As such, pesticide use is reducing and becoming less effective whilst the problem of pests for crop yields is also being exacerbated by climate change.
There is therefore a need for new strategies to protect our crops and yields from pests, but the good news is that a huge range are being developed.
Some of these are theoretically simple. For example, providing an environment which supports populations of the pest’s natural predators, in order to control the pest populations. For aphids, this could be populations of parasitoid wasps or ladybirds. Where this approach has been adopted so far it shows it is effective at reducing aphid populations but rarely eliminates them entirely.
Other more novel strategies exist that involve crops being engineered to produce molecules that protect against insect attack and these have often been successful. For example, some crop plants have been genetically engineered to produce Bt toxins, proteins from the soil-borne bacteria, Bacillus thuringiensis. These toxins cause damage to the gut of some insect pests and in turn, help to protect the crop. This has been widely used to protect crop yields against many insects such as protecting maize from the European corn borer.
Unfortunately, insects are developing resistance to some of these introduced toxins making this approach less effective and it is also not suitable to protect against all pests such as aphids which generally are not susceptible to the toxins. Furthermore, this kind of engineering often faces regulatory hurdles which limit the technology reaching the field.
While strategies continue to be developed and are enjoying some success, there remains an urgent need for more and, as many of these are effective against a limited set of pests, strategies which can tackle some of the more challenging pests like aphids.
For that, we need to improve our understanding of how pests and plants interact. We need to know; How do plants successfully launch a defence response against insects and how is it that some insects can overcome these defences and still attack the plant?
My work with Professor Saskia Hogenhout and Professor Dale Sanders attempts to answer these questions. We want to understand how plants launch defences against aphids and how some aphids can manipulate and overcome these defences to colonise the plant.
It appears aphids overcome plant defences by introducing proteins into the plants when they feed which limit the plants defence response and alter its biology such that the plant is susceptible to aphid colonisation.
Once we’ve established how these so-called effector proteins work, we will be able to identify or develop plants which are not affected by them, have better defences against the aphids and are therefore naturally more resistant.

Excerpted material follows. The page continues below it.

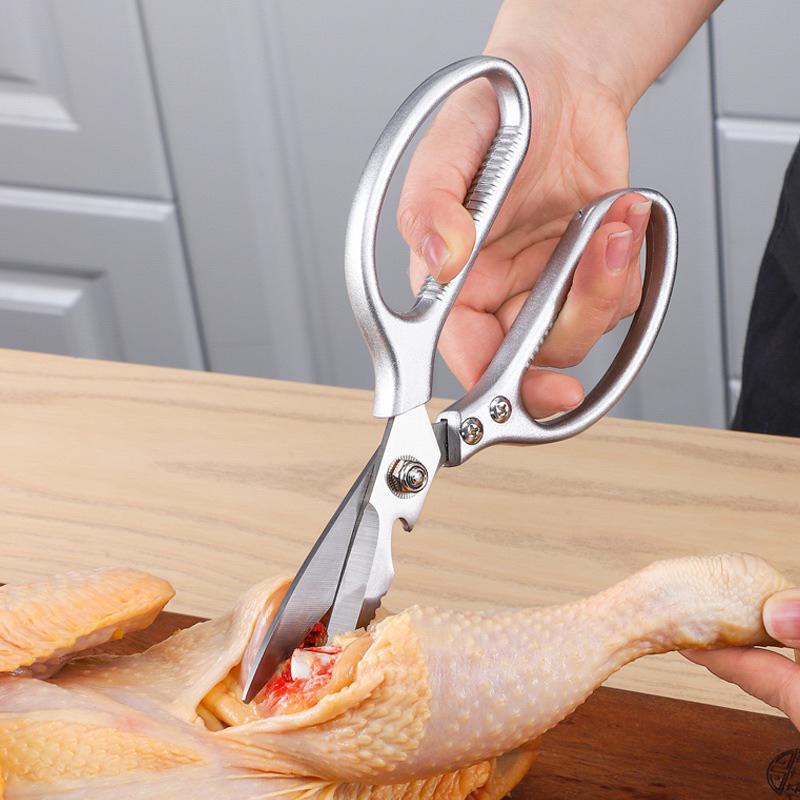 不鏽鋼剪刀 萬用大力剪 熟食剪刀 不銹鋼廚房剪刀 雞骨剪 烤肉剪刀 廚房剪刀 剪刀 開瓶器 萬用剪刀 廚具.-細節圖2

This would in-turn reduce the dependency on pesticides to protect plants against insects and would help reduce the effects of aphid pests on crop yields.
I always knew that I wanted to be working on something that had a positive impact on people’s lives and, even though I always enjoyed science growing up, I didn’t see myself staying in education and thought it would be more fun being outdoors or making things.
However, when I started to get involved in research and the problem solving that comes with it, I realised that I really enjoyed the challenge.
When I was at Durham University, I worked with some great plant scientists and attended the Gatsby Plant Science Summer School in 2016. It was during this time, I started to appreciate how important plants are throughout society, not only as they provide the food for our growing global population but also through their other benefits such as limiting climate change, producing pharmaceutical products and providing a home for many animals.
Through a couple of research projects and lucky breaks, I ended up really interested in how we can help ensure food security in the face of current global challenges and writing a Gatsby PhD project to explore how we can protect crop yields against pests for this.”
Josh’s PhD is funded by the Gatsby Charitable Foundation.